Pero antes de llevar adelante este designio, los invito a que me sigan ustedes por otra pista. Hartas veces ha ocurrido que un escritor se sirviera del trastrabarse o de alguna otra operación fallida como recurso de figuración literaria. Este hecho por sí solo nos demuestra que a su juicio la operación fallida, el trastrabarse por ejemplo, posee un sentido, puesto que lo produce intencionadamente. No es que el autor se haya equivocado por casualidad al escribir, y después dejó que ese desliz en la escritura quedase como un desliz en el hablar de su personaje. Mediante el trastrabarse quiere darnos a entender algo. Por cierto, podemos examinar qué puede ser eso: si, por ejemplo, quiere indicarnos que su personaje está distraído o fatigado o ha de sobrevenirle una jaqueca. Desde luego, no hemos de sobrestimar que el autor emplee el trastrabarse como provisto de sentido. En la vida real podría carecer de sentido, podría ser una contingencia psíquica o poseer sentido sólo en rarísimos casos, y el autor reservarse el derecho de infundirle un sentido, mediante la presentación tipográfica, para sus propios fines. Pero no nos asombraría que el poeta nos enseñara sobre el trastrabarse más que el filólogo y el psiquiatra.

Un ejemplo de esta índole se encuentra en Wallenstein [de Schiller] (Piccolomini, acto I, escena 5). En la escena precedente, Max Piccolomini ha abrazado con la pasión más ardiente el partido del duque [de Wallenstein], y ha echado a volar la imaginación sobre las bendiciones de la paz que se le revelaron en su viaje, mientras acompañaba al campo a la hija de Wallenstein. Deja a su padre [Octavio] y al enviado de la corte, Questeriberg, sumidos en la consternación. Y ahora prosigue la quinta escena:



«Questenberg: ¡Ay de nosotros! ¿Así son las cosas? ¿Lo dejaremos, amigo mío, en ese delirio? ¿No lo llamamos ya mismo para abrirle los ojos?

Octavio (recobrándose después de una ensimismada meditación): El me los ha abierto ahora, y mi mirada penetra más lejos de lo que quisiera.

Questenberg: ¿De qué habla?

Octavio: ¡Maldito sea ese viaje!

Questenberg: ¿Pero por qué? ¿Qué ocurre?

Octavio: Venga usted. Debo seguir al punto la desdichada pista, verlo con mis propios ojos. Venga usted. (Quiere llevarlo consigo.)

Questenberg: ¿Por qué? ¿Adónde?

Octavio (urgido): Hacia ella.

Questenberg: Hacia...

Octavio (corrigiéndose): Hacia el duque, varnos».



Octavio quiso decir «hacía él» {zu ihm}, hacía el duque, pero se trastraba y al decir «hacia ella» {zu ihr} nos deja traslucir al menos que ha reconocido muy bien la influencia que hizo soñar con la paz al joven guerrero (ver nota).
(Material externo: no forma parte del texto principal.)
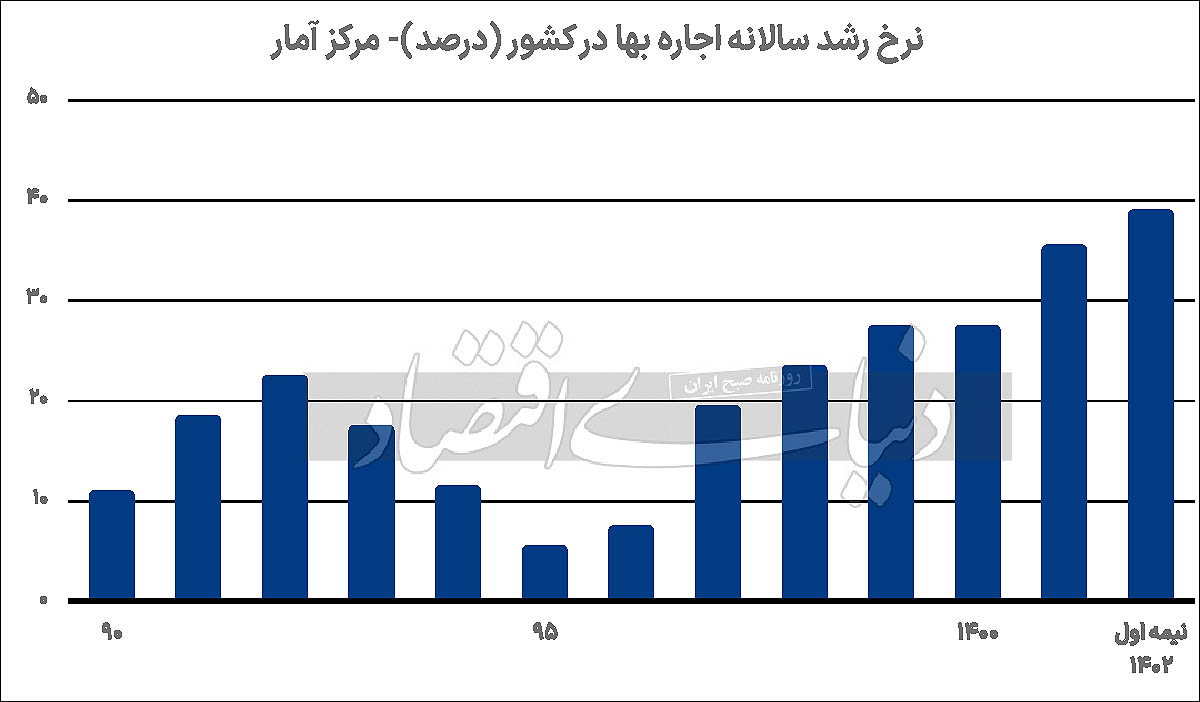 پیام ویژه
Un ejemplo todavía más notable ha sido descubierto por O. Rank [1910c] en Shakespeare. Se encuentra en El mercader de Venecia, en la famosa escena en que el pretendiente preferido debe elegir entre los tres cofrecillos, y quizá no puedo hacer nada mejor que leerles aquí la breve exposición de Rank:

«En El mercader de Venecia de Shakespeare (acto III, escena 2) encontramos un desliz en el habla motivado con extrema fineza dramática, brillante como recurso técnico, que nos deja ver, como el que Freud señaló en el Wallenstein, que los poetas conocen muy bien el mecanismo y el sentido de esta operación fallida, y presuponen que también los lectores habrán de comprenderlos. Porcia, compelida por la voluntad de su padre a elegir un esposo echándolo a suertes, por obra del azar se ha librado hasta ahora de todos los pretendientes que le desagradaban. Por fin, en Basanio ha encontrado al candidato por quien se siente atraída, y no puede menos que temer que también a él la suerte le sea esquiva. En su corazón querría decirle que puede estar seguro de su amor aun si ello sucede, pero su voto se lo impide. En este conflicto interior, el poeta le hace decirle al festejante bienvenido:

"No os apresuréis, os lo suplico; esperad un día o dos antes de consultar la suerte, ya que si escogéis mal vuestra compañía perderé; aguardad, pues, un poco: algo me dice (¡pero no es el amor!) que perderos no quisiera. [ ... ]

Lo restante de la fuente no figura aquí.